Zaman Lekeleri’ni okurken, aklıma yıllar önce okuduğum bir başka kitap geldi. Orhan Kurmuş’un Emperyalizmin Türkiye’ye Girişi kitabı, içerdiği istatistiksel ve tarihi bilgilerin yanında, en çok İzmir-Aydın demiryolunun yapımı ile ilgili verdiği bilgilerle zihnimde yer etmiş. O zamanlar İngiltere’nin İstanbul Büyükelçisi olan Lord  Stratford’un Alsancak tren istasyonunun temel atma töreninde (16 Kasım 1858) yaptığı konuşmada belirttiği gibi, İzmir-Aydın demiryolu hattının İngiliz sanayi ürünlerinin ve sermayesinin Türkiye’ye girişini kolaylaştıracağı belliymiş. Bu, İngilizler açısından tahmin edilebilecek bir fayda. Beni asıl hayrete düşüren, verilen diğer imtiyazlar olmuştu. Anlaşmaya göre, demiryolunun yapılması, işletilmesi ve yenilenmesi için gerekli tüm mallar gümrük vergisi ödemeden Türkiye’ye sokuluyordu. Ayrıca, demiryolunun inşaatı sırasında İngiliz şirket Osmanlı Devletine ait olan toprakları, madenleri ve ormanları bedava kullanabiliyordu. Demiryolu kullanıma açıldıktan sonra, şirket hattın 45 kilometre çevresinde bulunan madenleri az bir vergi ödeyerek işletme hakkına da sahipti. Bunu okuyunca ilk aklıma gelen, böylesi bir hakkın, o bölgede bulunan arkeolojik eserlerin yurtdışına götürülmesini de ne kadar kolaylaştıracağı olmuştu. Yurtdışında, Londra’daki British Museum ve Berlin’deki Pergamon (Bergama) Museum gibi müzelerde gördüğümüz Anadolu’dan götürülmüş (ya da kaçırılmış)  arkeoloji şaheserlerinin açıklayıcı tabelalarında yazılı olan “Osmanlı Padişahının izniyle getirilmiştir” ibareleri, verilmiş bu ve benzeri imtiyazlara dayandırılıyor olsa gerek.
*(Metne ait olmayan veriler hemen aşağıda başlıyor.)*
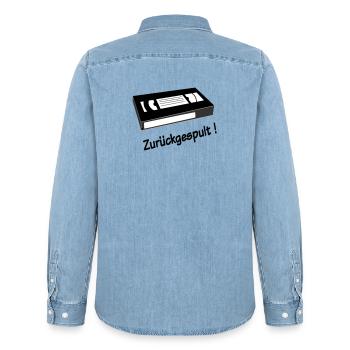 Rembobiné - Chemise en denim homme bio Stanley/Stella - bleu clair délavé - Dos - AI Model Male 185 light (185cm)
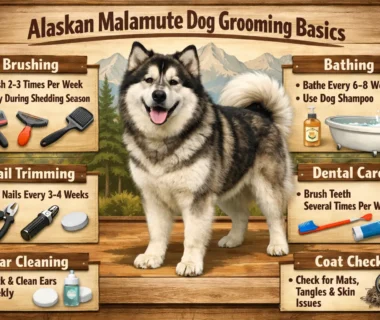 Alaskan Malamute dog being groomed with a brush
Osmanlı Hükümeti şirketin yönetimine hiçbir şekilde karışmamayı taahhüt ettiği gibi, rakip bir şirket kurulmasına da izin vermeyecekti. Anlaşmada bir de, günümüzde Yavuz Sultan Selim ve Osman Gazi köprülerini inşa eden ve işleten şirketlerle yapılan anlaşmaları anımsatan maddeler bulunuyormuş. Buna göre, Osmanlı Hükümeti demiryolunun ilk kısmı devreye girdikten sonra  elli yıl süre ile her yıl, şirket sermayesinin %6’sı oranında bir karı garanti ediyor ve kar bu oranın altına düşerse üstünü tamamlamayı yükleniyordu.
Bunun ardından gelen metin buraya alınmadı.